Given data below:

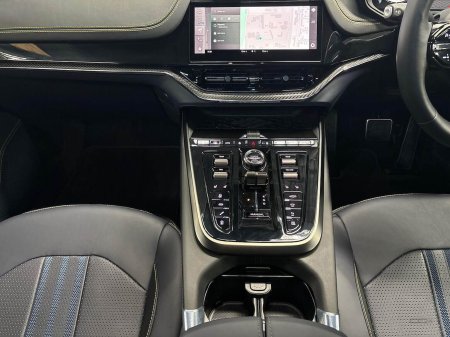 2025 Aston Martin DBX - photo 39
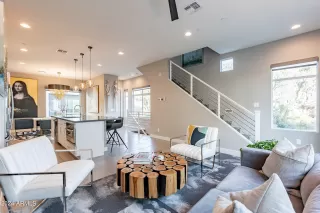 Photo #2: 6671006 Listing 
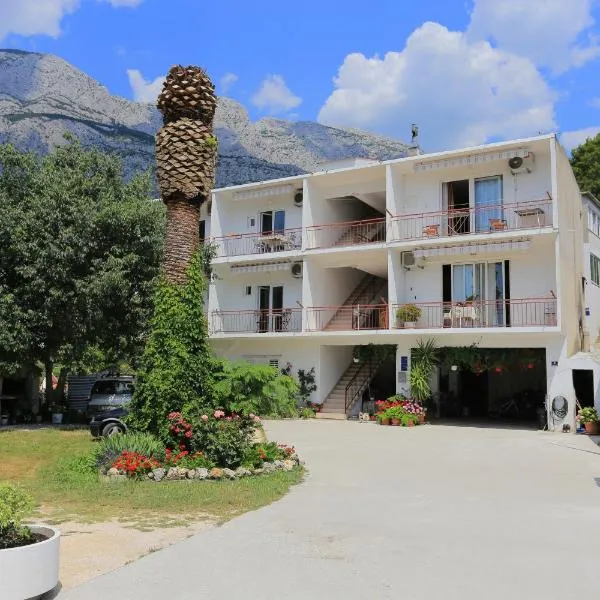 Apartments with a parking space Tucepi, Makarska - 6695, отель в Тучепи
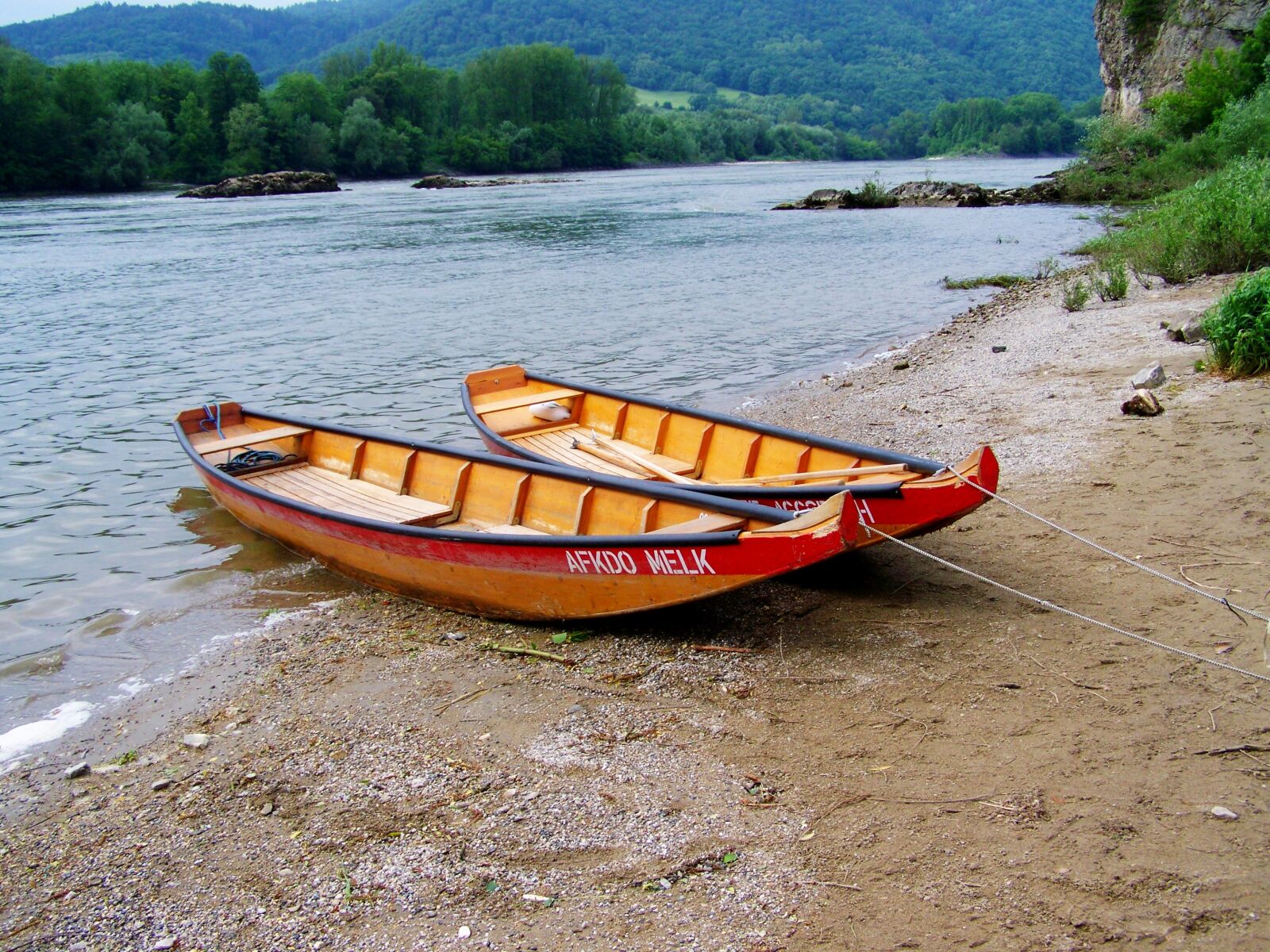 Kodak EASYSHARE ZD710 ZOOM DIGITAL CAMERA sample photo. Wood boats, craft, port photography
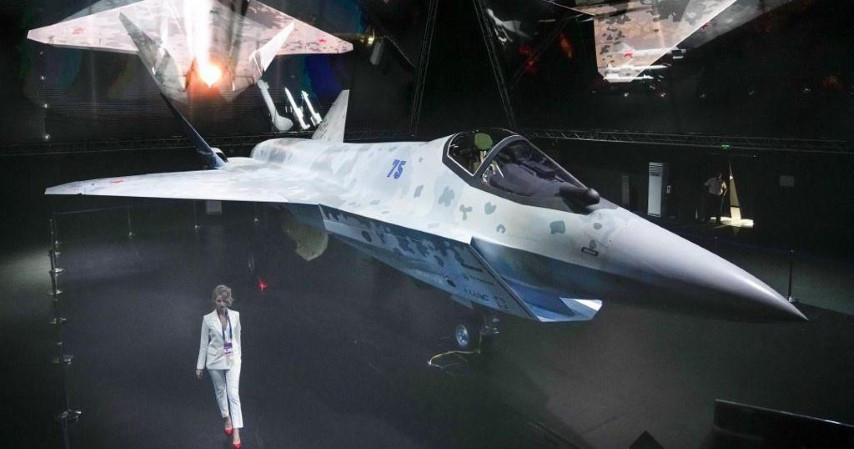 Động cơ thế hệ mới với lực đẩy mạnh và khả năng bay tuần tiễu siêu âm, radar mảng pha chủ động, vật liệu khung thân tiên tiến và cuối cùng là lớp sơn tàng hình vô cùng đắt đỏ và khó bảo dưỡng. '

End of Given data.

An exact repetition of all the records above is required, excluding the pictures.

● **Output below**:
 2025 Aston Martin DBX - photo 39
 Photo #2: 6671006 Listing 
 Apartments with a parking space Tucepi, Makarska - 6695, отель в Тучепи
 Kodak EASYSHARE ZD710 ZOOM DIGITAL CAMERA sample photo. Wood boats, craft, port photography
 Động cơ thế hệ mới với lực đẩy mạnh và khả năng bay tuần tiễu siêu âm, radar mảng pha chủ động, vật liệu khung thân tiên tiến và cuối cùng là lớp sơn tàng hình vô cùng đắt đỏ và khó bảo dưỡng. '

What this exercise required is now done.